Zhang Xinghai takes a picture of his reflection in the subway window at Sihui station, on Oct 12, 2012.[Photo by Zhang Xinghai/For China Daily] |
Photographer spent 10 years capturing images of passengers on the subway
During rush hour on Beijing's subway, it's easy to forget that the crush of bodies is made up of individuals going about their daily lives.
Zhang Xinghai, 44, has spent a decade photographing the faces of passengers using the capital's sprawling transport system - and reminding us that everyone has a story.
A photographer for a local science and technology newspaper, Zhang's work focuses on the people in the news - officials and experts mostly.
But his real passion is snapping the everyday faces on his daily commute. His collection of 4,000, mostly close-up, portraits show beggars, drunks, vagrant singers, migrant workers, tourists, rubbish collectors and occasionally well-groomed women and fashion models.
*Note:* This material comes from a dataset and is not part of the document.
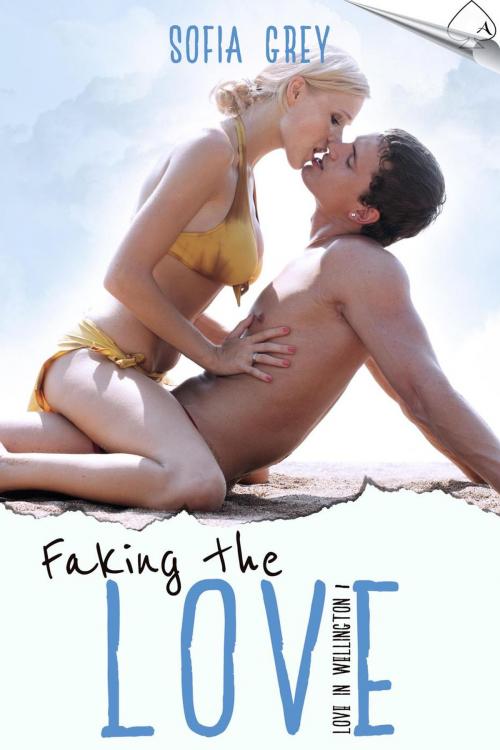 Cover of the book Faking the Love by Sofia Grey, Acelette Press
His pictures can be amusing - a young couple sleeping on their feet; a woman subway worker picking up a lost sneaker on a platform - and dramatic, such as the moment plainclothes police arrested a thief on a carriage.
He views the subway as a mobile community, and his work displays the struggles of ordinary people who are often overlooked amid China's rapid urbanization. Most of his portraits are glum faces, such as a drunk lying across the seats, a sleepy white-collar worker in a crowd, and a dirty, sweating construction worker anxiously waiting for the next train.
"The subway is always loaded with the hardships of life", Zhang said.
Always ignored
Beijing's subway tentacles have grown longer and more complex in the past 10 years. The city had 114 kilometers of track over four subway lines before 2007, and now has 574 km over 18 lines carrying 12 million passengers daily.
Zhang first rode the subway in 1999, the year he arrived in Beijing to seek a better life. He grew up dreaming of becoming a great writer, inspired by the story of a Chinese soldier who became a famous author after living in Beijing.
Born in a village in Yongshou county, northwestern Shaanxi province, Zhang knew nothing of the high cost and fierce competition of city life. The university graduate supported himself working low-paid jobs, as a dishwasher, delivery man and advertising salesman. "Such people are always ignored," he said.
In 2000, he was employed as an editor at a small newspaper, where he developed an interest in photography. He spent his savings of 1,000 yuan ($145) on a simple camera.
His first fixation was landscapes and buildings, until one day he saw a senior photographer's album, which recorded the unique folk customs of his hometown. "I realized then that good photography depicted people and their lives, rather than just scenery."